***** COLLECTED DATA *****

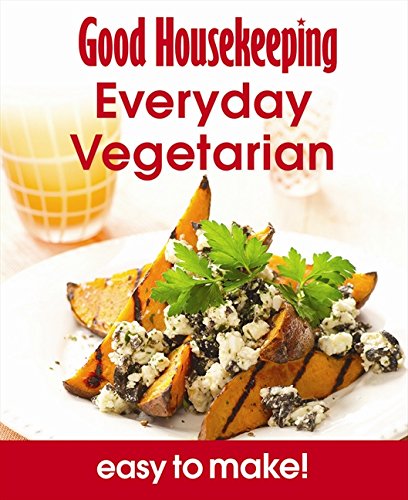 Everyday Vegetarian: Over 100 Triple-tested Recipes (Easy to Make!) (Good Housekeeping)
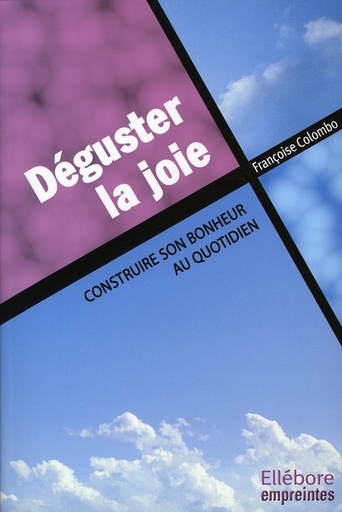 Couverture du livre Déguster la joie de Françoise Colombo
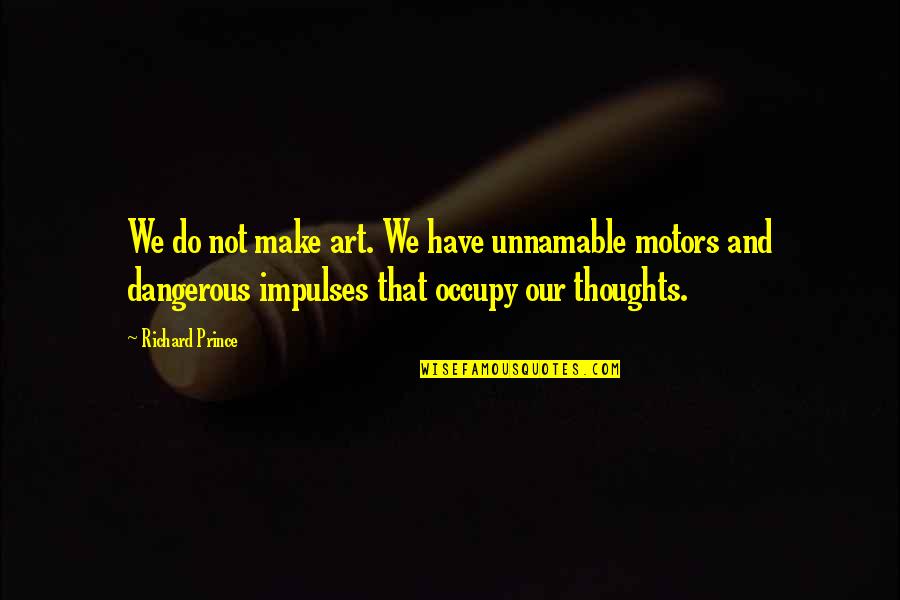 You Occupy My Thoughts Quotes By Richard Prince: We do not make art. We have unnamable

*****

BRIEF: All of the material must be given again exactly, though no picture may appear in the copy.

ANSWER TO THE EXERCISE:
 Everyday Vegetarian: Over 100 Triple-tested Recipes (Easy to Make!) (Good Housekeeping)
 Couverture du livre Déguster la joie de Françoise Colombo
 You Occupy My Thoughts Quotes By Richard Prince: We do not make art. We have unnamable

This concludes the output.